# very good article re: sharing past experiences of previous lovers



## prc911 (Dec 20, 2010)

this topic of dealing with your SO sexual past pops up here all the time....I often read (with a bit of disbelief) how many people oppose the idea of discussing their sexual past with their husband/wife, how is not to be brought up and how is "none of their business". 
well my wife and I have shared explicit details of both our past after 10years of solid marriage, and it actually brought us closer together both emotionally and sexually.....
everyone is entitled to their discretion about sharing their past, after all is your choice and no one elses....however if you are looking to spending the rest of your life married to someone you love so much.....there is nothing I want to hide or be worried about sharing with that person, I believe if you feel apprehensive or concerned about sharing, then you might not be as close to that person as you might believe.....to us the risk was worth the reward, I know that I would regret not doing so many years later and then realize I could have been closer to her but held back and lost years of closer emotional attachment

The Shocking Thing Most Don't Know About Their Spouse | The Stir


----------



## Runs like Dog (Feb 25, 2011)

There is only one answer you give to the wife. Everyone before you was crap.


----------



## OhGeesh (Jan 5, 2010)

^^^^^
Agreed why the hell would you do that willingly. I don't need to hear about my wife blowing, banging, mr. longschlong, or anyone else.
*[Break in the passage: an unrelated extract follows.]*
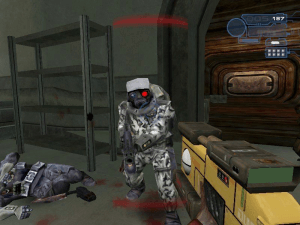Warhammer 40,000: Fire Warrior abandonware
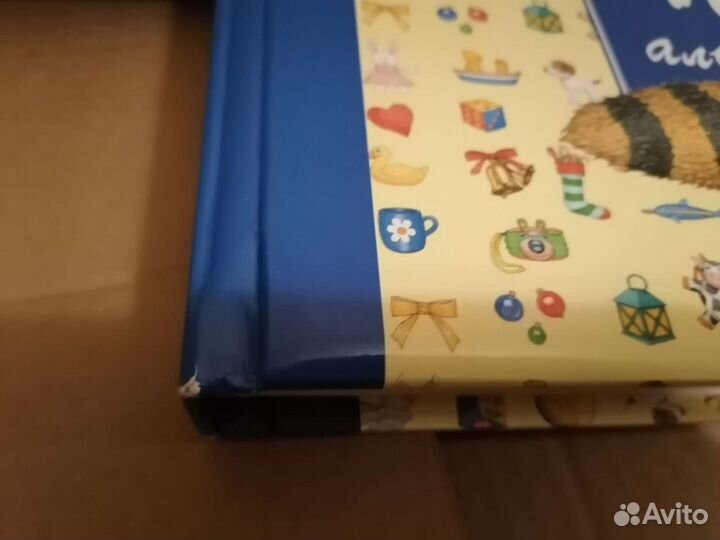 Альбом для новорождённого 2003 год выпуска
Nor does she need to have me talk about how awesome this or that girl was.

The fact is I live in the now!! Is sex goog now with her is what I care about reliving the past and sharing details is a recipe for pain.

To this day one of the hardest things I have to think about is my wife boning other guys. Before we were married we got a little "lit" and played this game. Everyone we cheated on each other with over the years etc etc. 

Glad it made you and your spouse closer that's not the norm!! Communication is key though just not that imo.


----------



## TwoDogs (Jul 29, 2011)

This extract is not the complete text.